Little is known yet about the highly-mutated Omicron variant but experts have already speculated about how it came to exist.

Professor Edward Holmes, who is known for his work on the emergence of infectious diseases, has shared the main theories among his colleagues with the ABC’s medical commentator, Dr Norman Swan.

ABC Health Expert Dr Norman Swan pictured as he speaks about the Omicron strain.
ABC medical commentator Dr Norman Swan has explained the main theories behind the origins of Omicron. Source: ABC

Omicron could have emerged in September

Some believe the new variant of concern has been circulating for several months despite the first case being detected in South Africa in early November.

“Some evolutionary biologists have suggested it may have emerged in September,” he told the ABC’s Coronacast podcast.

Kristian Andersen, an infectious disease researcher at Scripps Research in San Diego, also estimates the virus may have emerged around late September or early October, which suggests it may be spreading slower than it appears to have, according to scientific journal Science.

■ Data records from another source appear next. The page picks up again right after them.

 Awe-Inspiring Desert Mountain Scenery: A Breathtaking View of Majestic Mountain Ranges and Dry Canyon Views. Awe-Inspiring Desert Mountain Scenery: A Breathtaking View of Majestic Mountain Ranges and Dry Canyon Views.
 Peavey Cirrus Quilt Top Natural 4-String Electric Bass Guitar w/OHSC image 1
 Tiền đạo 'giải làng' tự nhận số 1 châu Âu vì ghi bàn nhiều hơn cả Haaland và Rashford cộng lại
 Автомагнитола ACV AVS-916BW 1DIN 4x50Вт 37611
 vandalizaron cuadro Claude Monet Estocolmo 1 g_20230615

Covid variant may have evolved in immunocompromised

Another line of thought is that it came from a person who is severely immunocompromised.

Leading South African virologist Professor Alex Segel has published a new paper which outlines a case study of a person with HIV who had a Covid infection for several months.

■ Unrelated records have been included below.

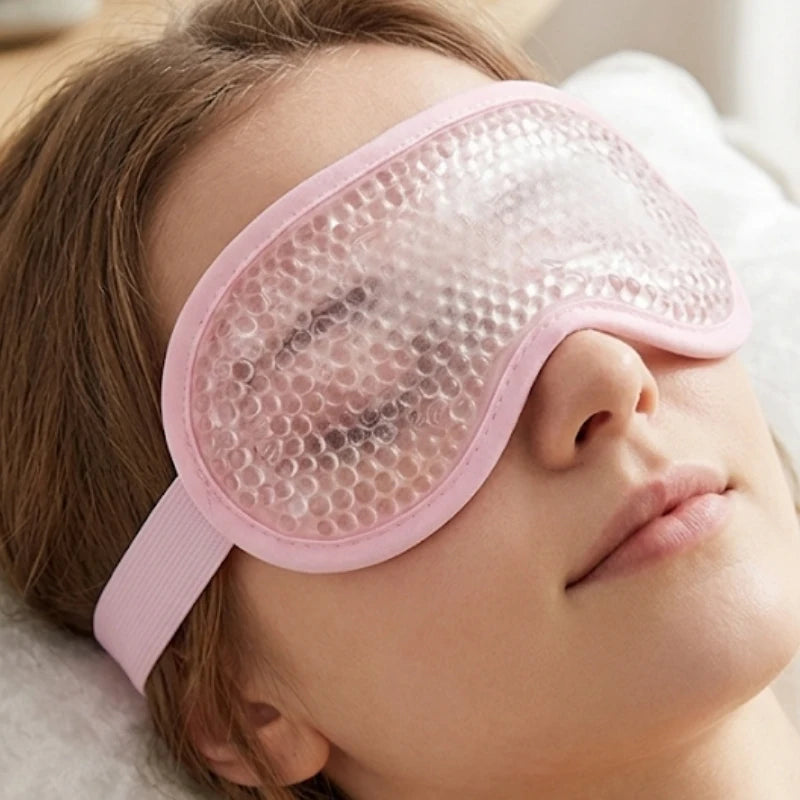 Super Comfortable Gel Cold Eye Mask, Which Can Relax the Eyes, Is a Perfect Match for Travel, Home, Lunch Break and Sleep Lovers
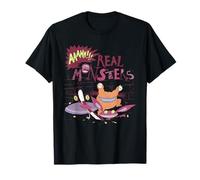Aaahh!!! Real Monsters Logo with Sewer Monsters Cartoon T-Shirt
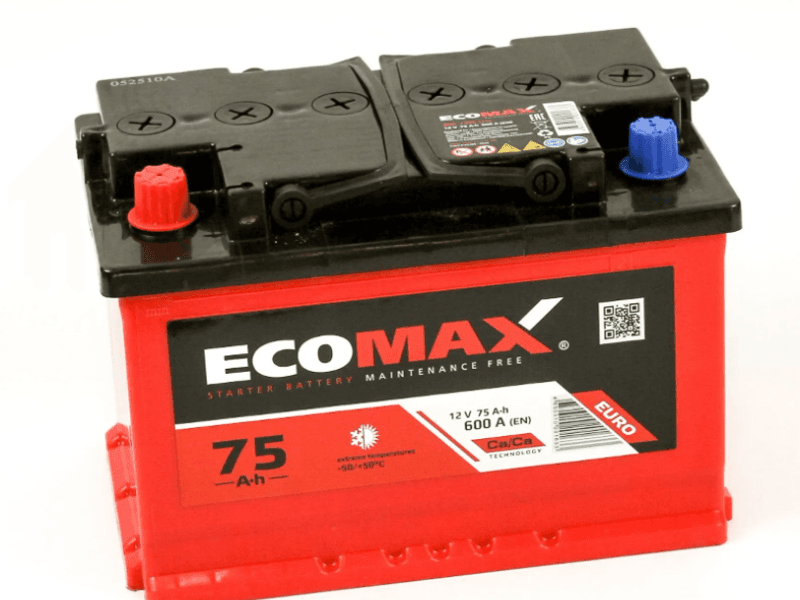 Ecomax 75Ah 600A 1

“Huge amounts of virus being produced, and in fact produced a mutated variant which while not identical to Omicron, it had some evolutionary similarities,” Dr Swan explained.

The study found this particular strain was vaccine resistant.

“Because they have a weakened immune system, they have a weaker antibody response and it gives the virus a chance to mutate around the antibodies and resist them,” he added.

“Whereas a stronger antibody response would knock off the virus and not give the virus a chance to evolve.”

A hospital worker walks amongst patients in the Covid-19 ward at Khayelitsha Hospital on December 29, 2020.
The new variant, dubbed Omicron by the World Health Organisation, was first detected in South Africa. Source: Getty Images (AFP via Getty Images)

Despite the waning effectiveness of the vaccine, the immunocompromised patient stayed well and didn’t show many symptoms.

“So this is a person who is immunocompromised that you would expect to get battered by Covid-19 but they weren’t. So it was a mild disease in this person," Dr Swan said.

“There are big differences between that virus and Omicron, but it does fit with some of the things you’re hearing about Omicron".

Omicron possibly came from an animal

The third but most unlikely theory is that the virus went back into an animal before reinfecting a human, which could explain the large number of mutations in the Omicron strain.

Dr Swan said the Omicron strain did not appear to have descended from the deadly Delta strain, but rather the B.1.1 lineage, similar to the Alpha variant in the UK.

Fears new strain 'more dangerous'

Early evidence also suggests it resembles the Beta strain, which was previously the most vaccine resistant type of Covid-19, but not contagious enough to overtake the prevalent Delta variant.

“It’s got elements of Beta in it but it has a lot more in addition to Beta which makes it potentially more dangerous," Dr Swan said.

Scientists are still working to determine if Omicron is more transmissible, more at risk of evading diseases or leads to more severe diseases.

The World Health Organisation has warned it poses a “very high” global risk and could lead to surges with “severe consequences”.